Protagonista è un ufficiale dei carabinieri, settentrionale, di stanza in Sicilia, ma soprattutto un uomo che crede nei valori di
una società democratica e moderna, contro l'immobilità d'un mondo di vecchi interessi costituiti. La narrazione si muove su
due piani: quello dell'inchiesta che l'ufficiale conduce su una catena di delitti di mafia e quello delle complicità, più o meno
forti, più o meno segrete, che scattano a fermarla o a vanificarne i risultati.
Subito viene rappresentato uno degli aspetti tipici della realtà meridionale: l'omertà.

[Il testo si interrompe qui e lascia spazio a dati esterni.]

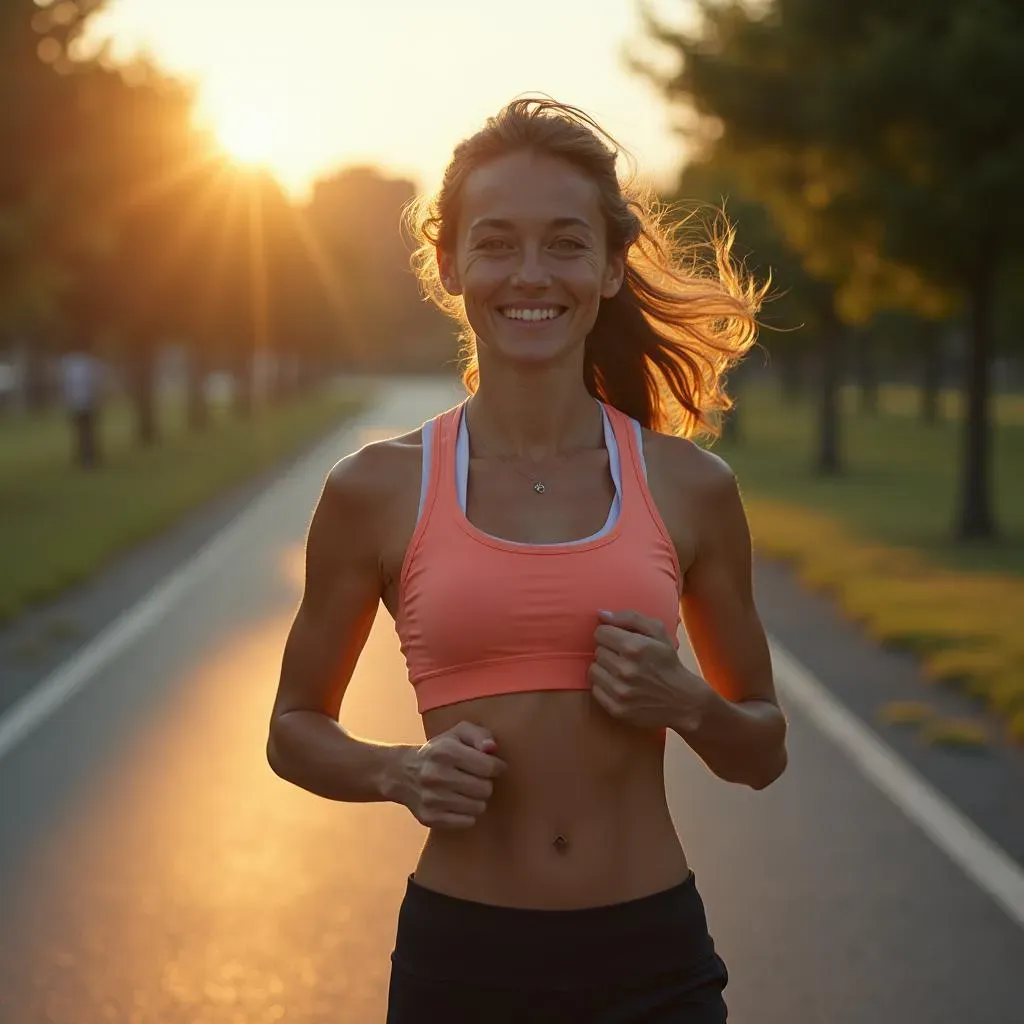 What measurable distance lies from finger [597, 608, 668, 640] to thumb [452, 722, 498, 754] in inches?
9.2

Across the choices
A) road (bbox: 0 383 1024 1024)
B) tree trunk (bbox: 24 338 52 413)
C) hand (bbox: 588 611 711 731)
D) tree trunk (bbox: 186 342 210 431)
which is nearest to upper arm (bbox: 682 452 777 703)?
hand (bbox: 588 611 711 731)

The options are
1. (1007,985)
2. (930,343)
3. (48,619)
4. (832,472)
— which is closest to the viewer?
(1007,985)

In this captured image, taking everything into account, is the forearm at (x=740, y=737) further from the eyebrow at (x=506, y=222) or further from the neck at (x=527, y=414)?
the eyebrow at (x=506, y=222)

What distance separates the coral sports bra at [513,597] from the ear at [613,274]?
16.2 inches

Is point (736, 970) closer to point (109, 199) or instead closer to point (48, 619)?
point (48, 619)

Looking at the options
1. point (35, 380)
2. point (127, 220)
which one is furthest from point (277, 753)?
point (35, 380)

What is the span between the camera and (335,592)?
9.80ft

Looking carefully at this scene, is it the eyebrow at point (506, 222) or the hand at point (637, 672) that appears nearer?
the hand at point (637, 672)

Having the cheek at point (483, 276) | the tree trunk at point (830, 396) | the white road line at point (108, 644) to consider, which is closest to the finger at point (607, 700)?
the cheek at point (483, 276)

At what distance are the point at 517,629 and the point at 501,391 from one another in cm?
43

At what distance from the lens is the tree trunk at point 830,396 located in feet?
108

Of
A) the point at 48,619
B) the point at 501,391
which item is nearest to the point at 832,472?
the point at 48,619

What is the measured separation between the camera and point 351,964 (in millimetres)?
A: 5832

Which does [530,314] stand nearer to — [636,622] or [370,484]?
[370,484] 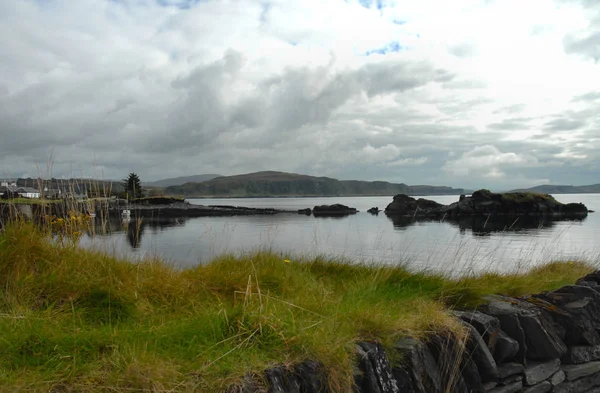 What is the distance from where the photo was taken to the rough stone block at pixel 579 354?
19.7 ft

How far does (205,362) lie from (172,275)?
8.94ft

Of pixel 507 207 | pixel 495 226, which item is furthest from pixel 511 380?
pixel 507 207

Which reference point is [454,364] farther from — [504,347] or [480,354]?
[504,347]

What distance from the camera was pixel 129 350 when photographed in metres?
3.70

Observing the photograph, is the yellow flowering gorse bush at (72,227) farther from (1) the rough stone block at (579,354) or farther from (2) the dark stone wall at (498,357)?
(1) the rough stone block at (579,354)

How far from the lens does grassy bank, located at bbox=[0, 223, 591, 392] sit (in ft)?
11.5

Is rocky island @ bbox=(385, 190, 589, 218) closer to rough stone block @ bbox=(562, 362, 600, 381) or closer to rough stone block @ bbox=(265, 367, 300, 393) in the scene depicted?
rough stone block @ bbox=(562, 362, 600, 381)

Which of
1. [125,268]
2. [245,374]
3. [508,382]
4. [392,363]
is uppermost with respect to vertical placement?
[125,268]

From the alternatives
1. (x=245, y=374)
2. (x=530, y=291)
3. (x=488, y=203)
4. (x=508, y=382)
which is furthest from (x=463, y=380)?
(x=488, y=203)

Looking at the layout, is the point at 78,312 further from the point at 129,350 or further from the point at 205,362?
the point at 205,362

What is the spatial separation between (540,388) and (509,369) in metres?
0.65

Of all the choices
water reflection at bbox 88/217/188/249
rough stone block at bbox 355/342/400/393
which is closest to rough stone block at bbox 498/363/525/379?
rough stone block at bbox 355/342/400/393

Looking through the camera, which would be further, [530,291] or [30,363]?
[530,291]

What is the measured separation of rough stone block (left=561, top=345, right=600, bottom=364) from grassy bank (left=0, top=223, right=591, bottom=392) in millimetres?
1308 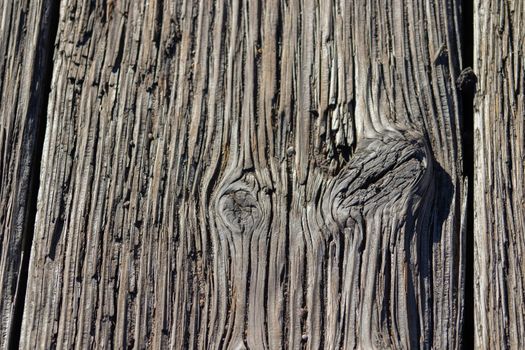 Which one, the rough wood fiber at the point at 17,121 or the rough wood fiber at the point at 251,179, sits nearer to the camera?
the rough wood fiber at the point at 251,179

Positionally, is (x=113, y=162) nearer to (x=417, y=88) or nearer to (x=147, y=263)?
(x=147, y=263)

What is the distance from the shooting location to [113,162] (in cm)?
162

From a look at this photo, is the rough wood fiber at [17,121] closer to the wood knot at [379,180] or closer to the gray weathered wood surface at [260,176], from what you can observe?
the gray weathered wood surface at [260,176]

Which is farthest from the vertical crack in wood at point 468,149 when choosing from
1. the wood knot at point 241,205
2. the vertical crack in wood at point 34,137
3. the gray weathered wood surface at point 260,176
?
the vertical crack in wood at point 34,137

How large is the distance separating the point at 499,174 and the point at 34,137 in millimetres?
956

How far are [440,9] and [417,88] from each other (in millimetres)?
188

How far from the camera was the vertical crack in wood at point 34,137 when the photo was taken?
5.17ft

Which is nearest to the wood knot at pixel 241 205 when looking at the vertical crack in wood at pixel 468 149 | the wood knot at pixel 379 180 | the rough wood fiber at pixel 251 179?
the rough wood fiber at pixel 251 179

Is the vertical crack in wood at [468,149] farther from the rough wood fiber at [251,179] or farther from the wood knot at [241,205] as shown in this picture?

Lo scrittore è scettico circa la possibilità di cambiare la situazione: vi è nei siciliani una sfiducia radicata nei confronti della
giustizia.
Il senso di estraneità nei confronti della legalità e dello Stato conosce cause storiche: dominazioni straniere che,
avvicendandosi, hanno scavato un solco fra oppressi e oppressori.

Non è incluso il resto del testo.